Вот образчик такой подлости у той же Стеллы Абрамович: выражая буржуазно-стадное чувство ненависти к восстаниям низов, она помещает их в узкую щелочку неприязни к угнетающей буржуазный беспредел государственности – конечно, русской – и нехотя признает оправдание фабулы «Дубровского» до тех пор, пока вопрос идет об отстаивании частных прав одного протестанта против «наличной тотальности»; но впадает прямо-таки в неприличный раж, изъявляясь в ненависти к кистеневским мужикам, «бандитам», «шайке», «грабителям с большой дороги»; а кризис, охвативший А. С. Пушкина при написании последних глав, связывает с осознанием им «порочности насильническо-исторического хода».
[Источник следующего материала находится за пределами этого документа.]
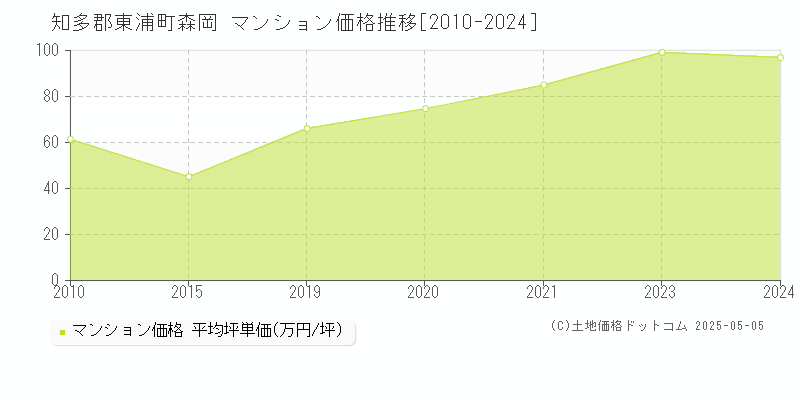 知多郡東浦町森岡のマンション価格推移グラフ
Вот это уже подлость, т. е. честно-злонамеренное приписывание исторически реальному лицу своих мнений. С. Абрамович может много не знать, по скудоумию не понимать, по инородности не чувствовать в чуждой нации – замечательный образчик знания русского являет ее «крыжовенное варенье», посланное Надеждой Осиповной Александру Сергеевичу.
– Сударыня, «Крыжовенное варенье» пошлет тетя Сара племяннику Мойше; Надежда Осиповна пошлет Александру Сергеевичу «крыжовное варенье» – бог с ним; но профессиональный литературовед, филолог не может не знать сентенции Пушкина в его записной книжке: «В России счастливы только поэты и революционеры». Даже будучи дурой, но филологической дурой вы обязаны знать строки стихотворения «Денису Давыдову»:
Вот мой Пугач,В твоем отрядеУрядник был бы он лихой…Да, у А. С. Пушкина наступил длительный кризис при написании последних глав «Дубровского»; но не потому, что он усомнился в основном ходе, а потому, что барин и дворянин он знал и описывал народ внешним, инородно-обособленным образом, как действия и проявления иной, не своей силы – и это коренное во всей высокой культуре 19 века; то продолжение духовно-культурного раскола нации, что начался в 17 веке, когда разошлись пути Аввакума Петрова и Стеньки Разина, «самого поэтического лица русской истории» (А. С. – sis!), с Никитой Миновым и Алексеем Михайловичем; и как бы ни силилась вся русская литература от Пушкина до Чехова, она в этом отношении сопоставима с этнографическим описанием европейского путешественника новогвинейских папуасов. У Пушкина все легко складывается, пока народ фон, суд, рамки или соучастник-сопровождение действия Ринальдо-Дубровоского; но в сценах жизни разбойничьего лагеря он должен был описать не народ для кого-то, а народ сам в себе – и это у него, как и у всей великой русской литературы 19 века, если отодвинуть Н. А. Некрасова и боковые тропочки: Кольцова, Никитина, не получилось, и принципиально не получилось. Эту ограниченность неслиянием ощутил и пережил как трагедию Лев Толстой, его «Война и мир» это повествование русского барина при русском народе – только 20 век, сломавший старый раскол культуры, породил «Тихий Дон», роман народа о себе; тем он и его автор вам и ненавистны, но исторгнуть их вы ещё не можете, поэтому пытаетесь украсть одно у другого, хотя и люто ненавидите обоих.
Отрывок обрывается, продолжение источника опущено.